Items from a dataset -
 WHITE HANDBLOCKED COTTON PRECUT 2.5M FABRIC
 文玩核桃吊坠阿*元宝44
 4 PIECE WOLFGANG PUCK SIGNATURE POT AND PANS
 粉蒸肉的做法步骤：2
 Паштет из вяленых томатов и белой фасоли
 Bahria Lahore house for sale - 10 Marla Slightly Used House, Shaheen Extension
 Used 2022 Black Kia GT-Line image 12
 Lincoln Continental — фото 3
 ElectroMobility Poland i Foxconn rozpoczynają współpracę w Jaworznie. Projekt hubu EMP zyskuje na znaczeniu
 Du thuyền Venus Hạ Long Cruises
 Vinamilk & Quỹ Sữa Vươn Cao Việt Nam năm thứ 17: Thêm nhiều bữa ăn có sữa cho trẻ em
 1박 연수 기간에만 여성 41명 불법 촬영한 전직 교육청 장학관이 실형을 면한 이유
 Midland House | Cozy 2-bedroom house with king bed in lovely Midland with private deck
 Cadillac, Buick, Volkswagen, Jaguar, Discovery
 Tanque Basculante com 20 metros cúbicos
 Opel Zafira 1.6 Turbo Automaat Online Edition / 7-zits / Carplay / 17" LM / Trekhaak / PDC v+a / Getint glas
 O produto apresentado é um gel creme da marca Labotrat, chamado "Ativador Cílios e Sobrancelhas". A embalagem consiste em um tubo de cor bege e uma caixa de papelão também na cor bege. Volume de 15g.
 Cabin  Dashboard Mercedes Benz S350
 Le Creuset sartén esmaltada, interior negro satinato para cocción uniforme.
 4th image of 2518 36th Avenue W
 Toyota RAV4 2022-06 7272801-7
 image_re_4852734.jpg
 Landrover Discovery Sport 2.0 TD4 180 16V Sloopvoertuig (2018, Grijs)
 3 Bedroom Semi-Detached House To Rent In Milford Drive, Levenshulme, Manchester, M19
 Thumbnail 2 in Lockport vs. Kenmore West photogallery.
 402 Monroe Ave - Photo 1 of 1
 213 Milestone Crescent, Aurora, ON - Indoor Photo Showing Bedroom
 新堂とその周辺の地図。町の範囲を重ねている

EXERCISE BRIEF - An exact copy of all the records is the expected answer.

TASK RESPONSE -
 WHITE HANDBLOCKED COTTON PRECUT 2.5M FABRIC
 文玩核桃吊坠阿*元宝44
 4 PIECE WOLFGANG PUCK SIGNATURE POT AND PANS
 粉蒸肉的做法步骤：2
 Паштет из вяленых томатов и белой фасоли
 Bahria Lahore house for sale - 10 Marla Slightly Used House, Shaheen Extension
 Used 2022 Black Kia GT-Line image 12
 Lincoln Continental — фото 3
 ElectroMobility Poland i Foxconn rozpoczynają współpracę w Jaworznie. Projekt hubu EMP zyskuje na znaczeniu
 Du thuyền Venus Hạ Long Cruises
 Vinamilk & Quỹ Sữa Vươn Cao Việt Nam năm thứ 17: Thêm nhiều bữa ăn có sữa cho trẻ em
 1박 연수 기간에만 여성 41명 불법 촬영한 전직 교육청 장학관이 실형을 면한 이유
 Midland House | Cozy 2-bedroom house with king bed in lovely Midland with private deck
 Cadillac, Buick, Volkswagen, Jaguar, Discovery
 Tanque Basculante com 20 metros cúbicos
 Opel Zafira 1.6 Turbo Automaat Online Edition / 7-zits / Carplay / 17" LM / Trekhaak / PDC v+a / Getint glas
 O produto apresentado é um gel creme da marca Labotrat, chamado "Ativador Cílios e Sobrancelhas". A embalagem consiste em um tubo de cor bege e uma caixa de papelão também na cor bege. Volume de 15g.
 Cabin  Dashboard Mercedes Benz S350
 Le Creuset sartén esmaltada, interior negro satinato para cocción uniforme.
 4th image of 2518 36th Avenue W
 Toyota RAV4 2022-06 7272801-7
 image_re_4852734.jpg
 Landrover Discovery Sport 2.0 TD4 180 16V Sloopvoertuig (2018, Grijs)
 3 Bedroom Semi-Detached House To Rent In Milford Drive, Levenshulme, Manchester, M19
 Thumbnail 2 in Lockport vs. Kenmore West photogallery.
 402 Monroe Ave - Photo 1 of 1
 213 Milestone Crescent, Aurora, ON - Indoor Photo Showing Bedroom
 新堂とその周辺の地図。町の範囲を重ねている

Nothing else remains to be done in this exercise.